Canadian political life can be hostile to women. In November 2016 Alberta MLA Sandra Jansen received misogynist, hateful comments when she crossed the floor after dropping out of the Progressive Conservative leadership race. In February 2017 Liberal MP Iqra Khalid received death threats and sexist taunts after sponsoring an anti-Islamophobia motion. As Stalled: The Representation of Women in Canadian Governments reveals, these recent incidents are but the latest trials in the long struggle for gender parity in political representation in Canada.

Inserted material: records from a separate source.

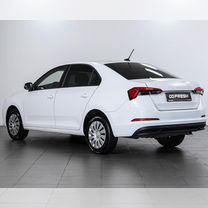 Skoda Rapid 1.6 AT, 2021, 164 882 км, с пробегом, цена 1 535 000 руб.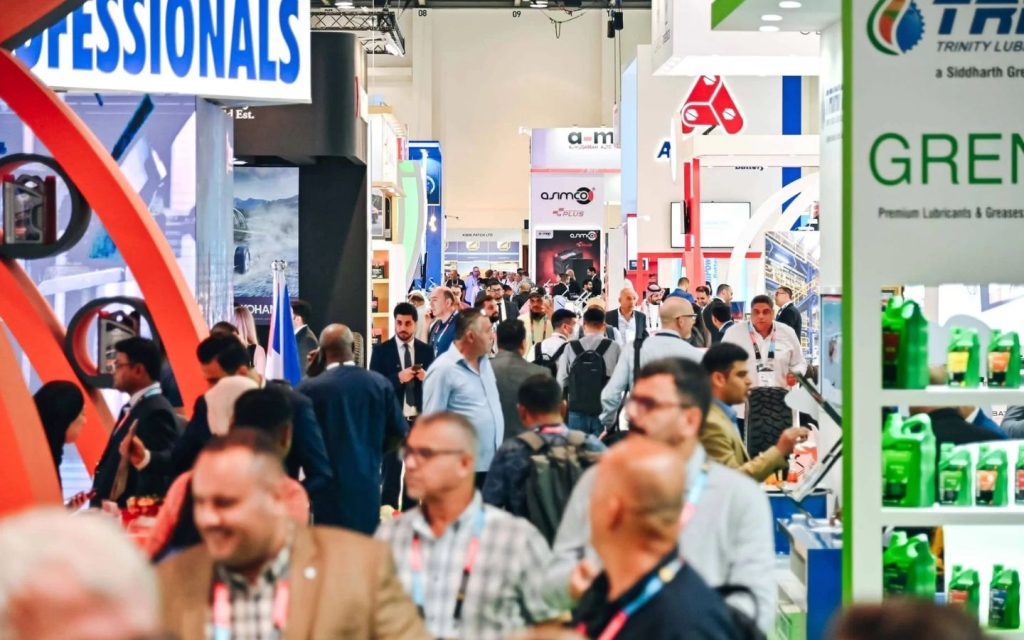 Automechanika Dubai 2025 is the MEA region’s leading automotive trade show.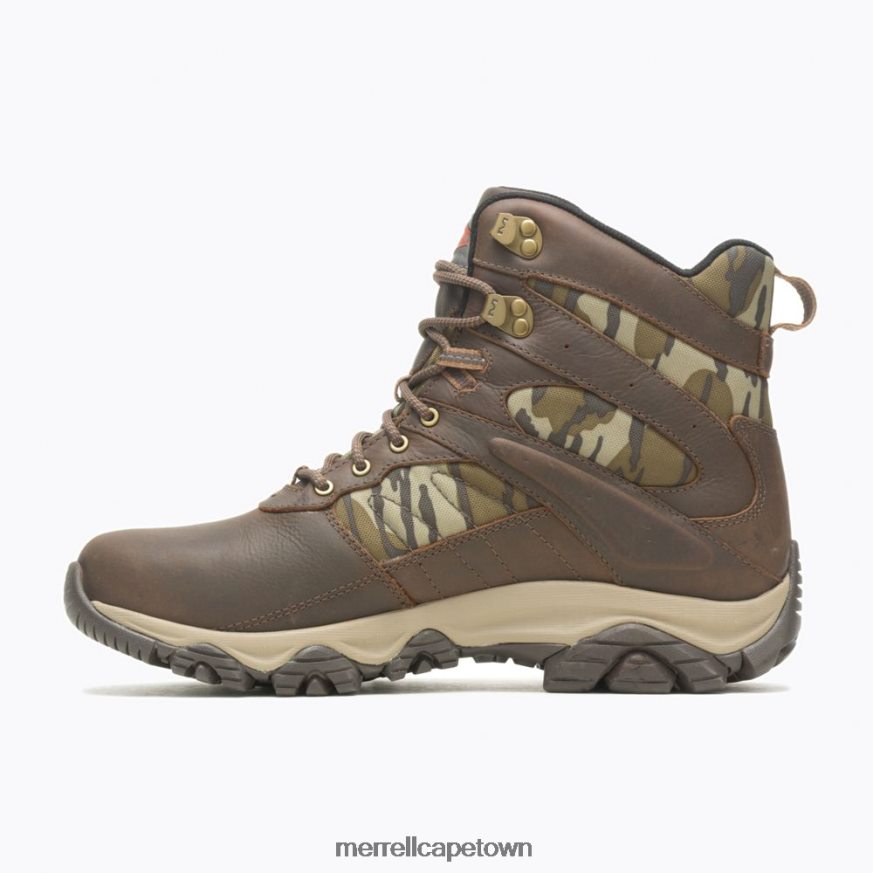 Toffee/Oak F60FX2599 Moab 2 Timber 6\\ Waterproof (J004651) Merrell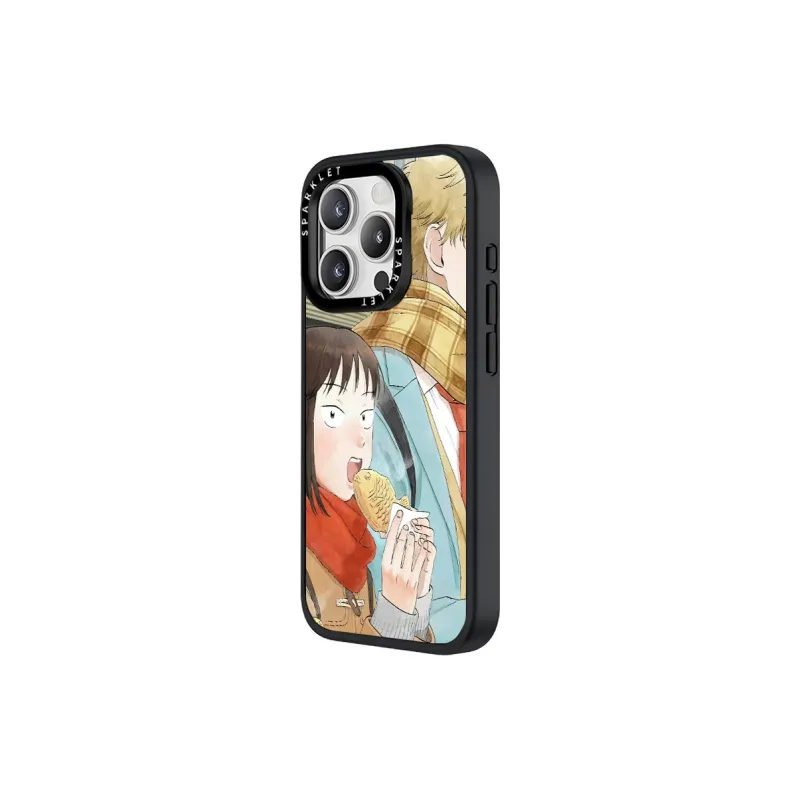 Ray chain Phone Cases-1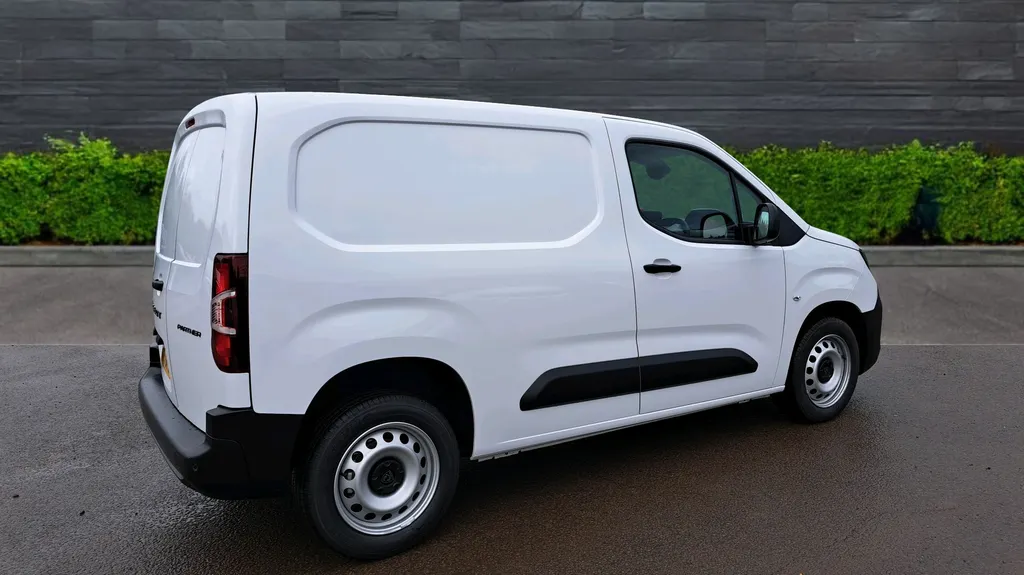Peugeot Partner Image 3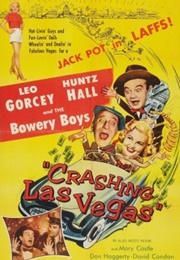 Crashing Las Vegas (1956)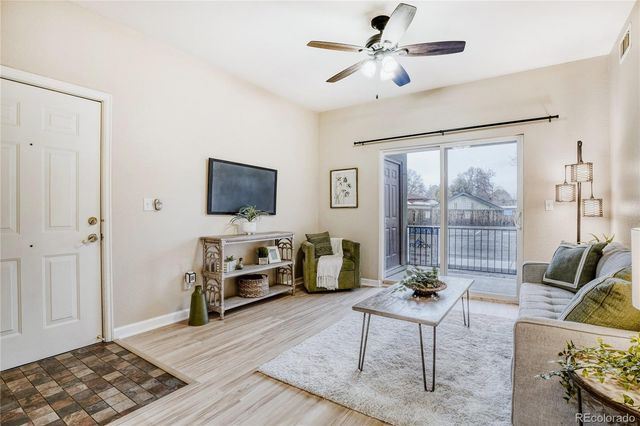 5633 E Atlantic Place 2A, Denver, CO 80222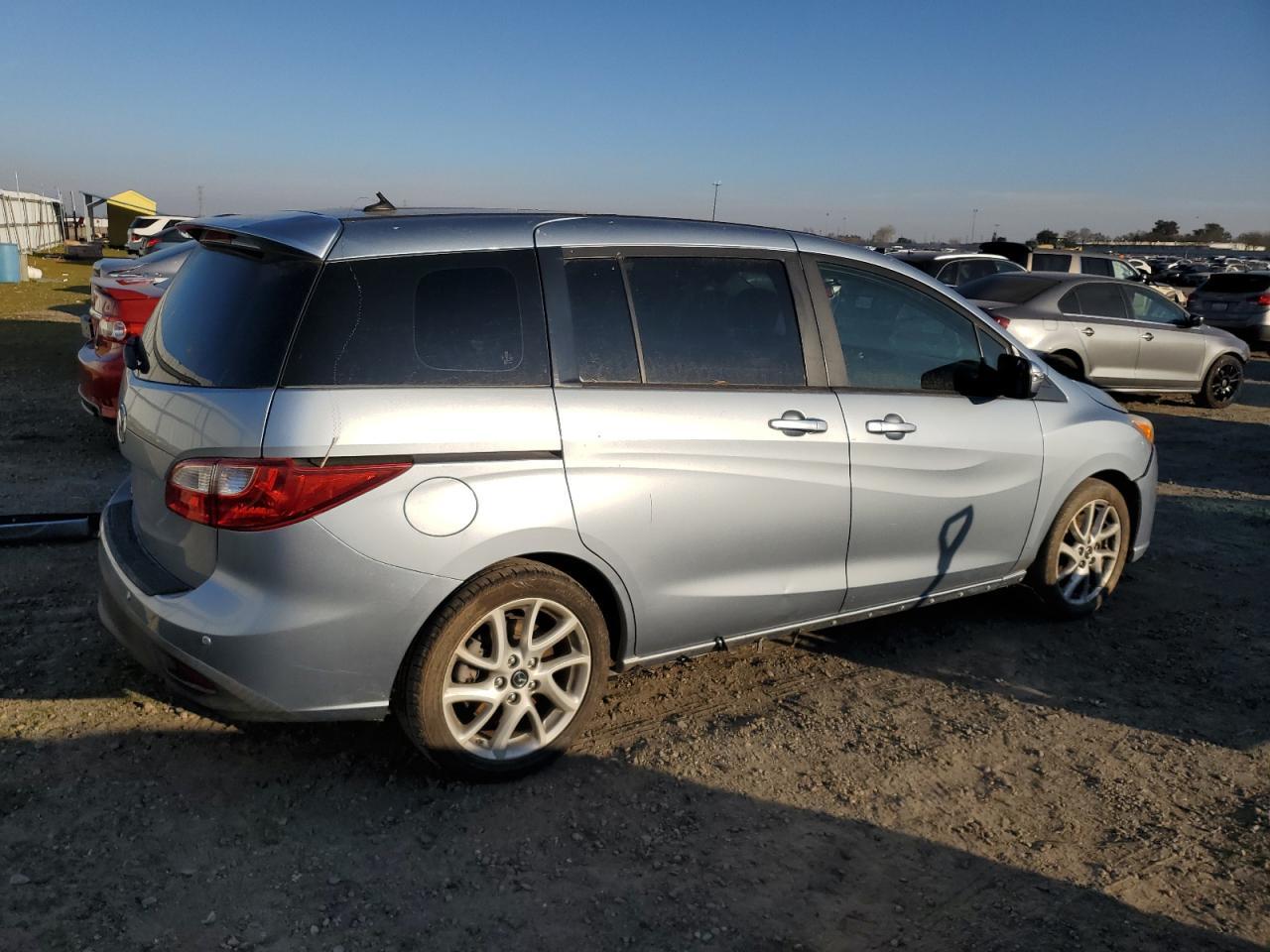 2013 Mazda 5 - Фото 3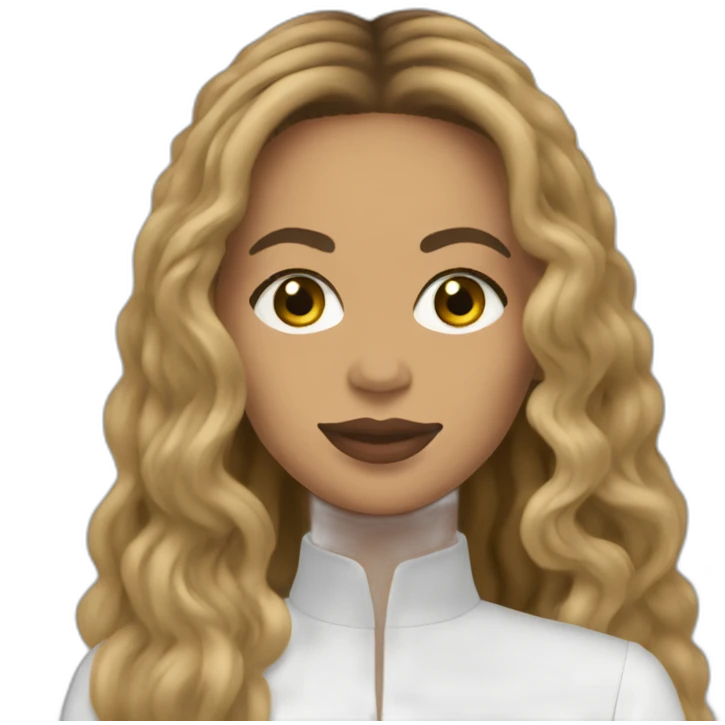 Beyonce formation emoji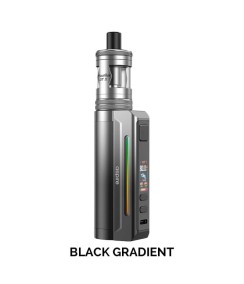 Kit Zelos X80 Aspire Black Gradient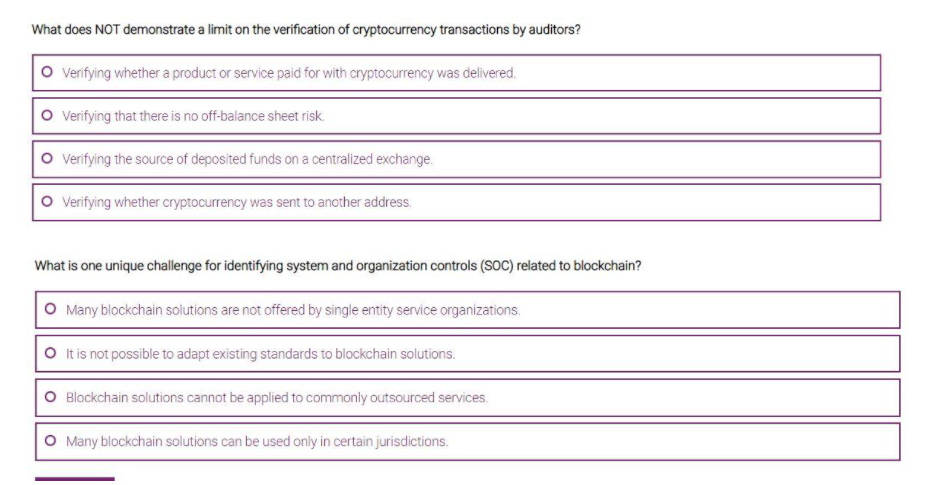 please provide reason for your answer \f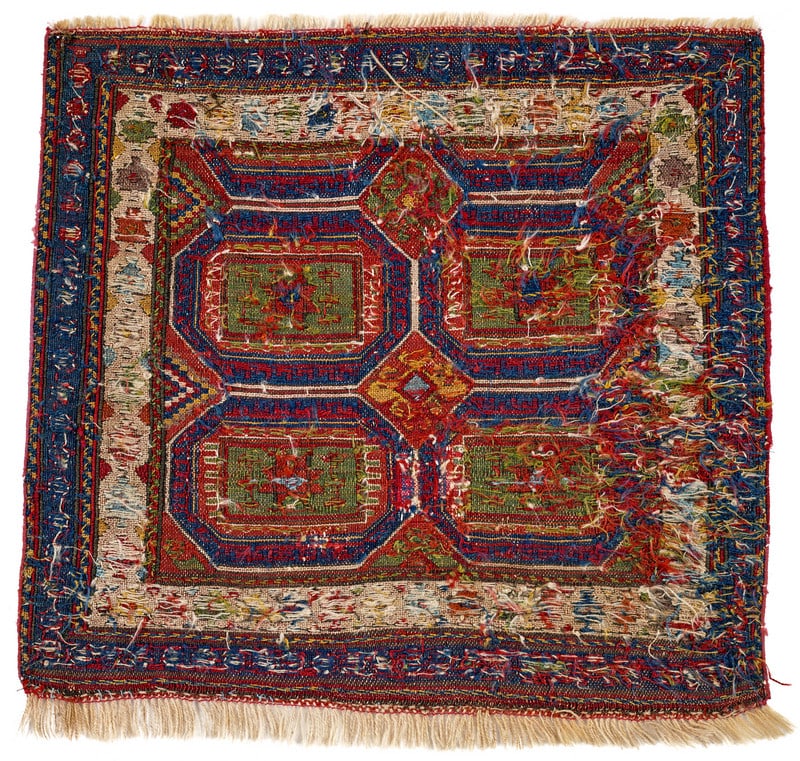 Shahsavan Bag Face - 2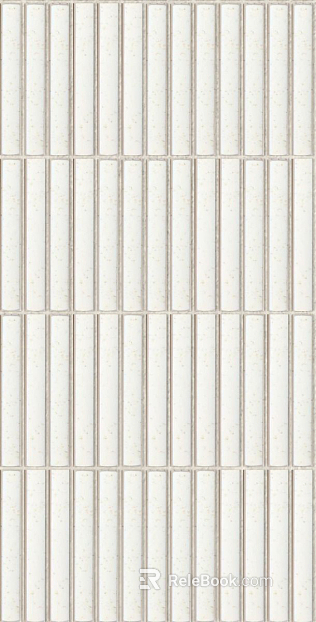 Plain modern simple strip brick texture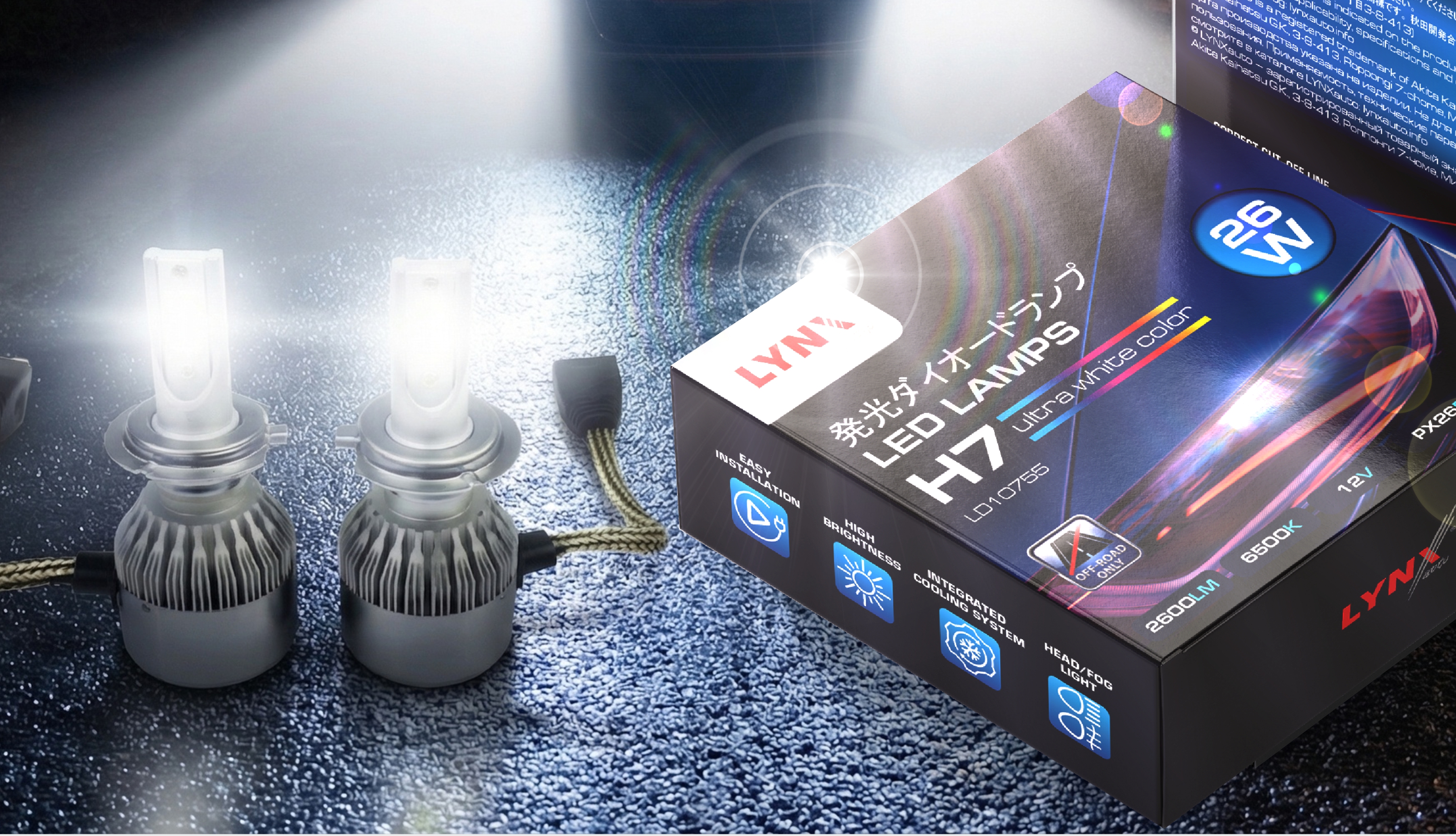 LED LAMPS — Изображение №1 — Брендинг, Промдизайн на Dprofile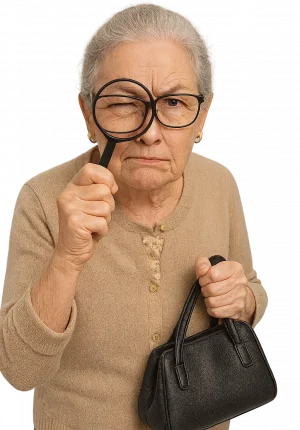 Лицензии для бабули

Published in 2013, Stalled updates two earlier works by the editors—the 1997 landmark In the Presence of Women, edited by Linda Trimble, a professor at the University of Alberta, and Jane Arscott, an associate professor at Athabasca University; and Women and Legislative Representation, by University of Ottawa professor Manon Tremblay. Through 14 chapters written by contributors from across Canada, most of whom are female political science professors, Stalled reports on the number of elected women at all levels of government, including municipalities, provinces, territories, the House of Commons and those appointed to the Senate.
The book is well researched and the chapters helpfully structured, with each containing a table that sets out key information for that jurisdiction, including the right of women to vote and stand in elections (most women in Alberta earned the right to vote in 1916); historical firsts in politics (the first women to run for office in Alberta were Louise McKinney and Roberta MacAdams in 1917; both won and were in office from 1917 to 1921); current representation as of the last election before publication (for example, in Alberta in 2012, 23 of 87 MLAs, or 26 per cent of elected persons, were female and only four of 19 cabinet members were female); women political party leaders (in Alberta in 2013 Alison Redford and Danielle Smith were leading the PC and Wildrose parties); and the state of the Advisory Council on the Status of Women (disbanded in Alberta in 1996).
The tables make it easy to compare jurisdictions across Canada and to contrast the current state of women’s political representation with how it was but a few years ago.
Today, following the May 5, 2015 election won by Rachel Notley’s NDP, women representing the PCs, Wildrose and NDP hold 27 of the seats in Alberta, a slight increase from 2012. But women now hold half of the cabinet seats, and the NDP established the Ministry of Status of Women. Later in 2015 Justin Trudeau appointed Canada’s first gender-balanced cabinet. Clearly these events raise hopes that there is a shift for women in politics across Canada.
The book’s contributors hint at and explain this surge in female representation. In a chapter on Alberta, Brenda O’Neill notes that left-leaning and minority parties have traditionally encouraged and included more women candidates—so when the “underdog” NDP won in 2015, more female candidates resulted in more females in government. Contributor Jocelyne Praud notes that a party’s nominating more female candidates can influence other parties to do likewise.
Still, over time the gains for women have been rather modest. Ugly incidents, threats and harassment still occur. While the contributors to Stalled describe several movements that seek to improve the numbers of women in Canadian politics, such as Equal Voice, we have a long way to go to increase female representation. Stalled provides an interesting, thoughtful and guardedly hopeful discussion of this issue.
—Linda Mae McKay-Panos is the executive director of the Alberta Civil Liberties Research Centre in Calgary.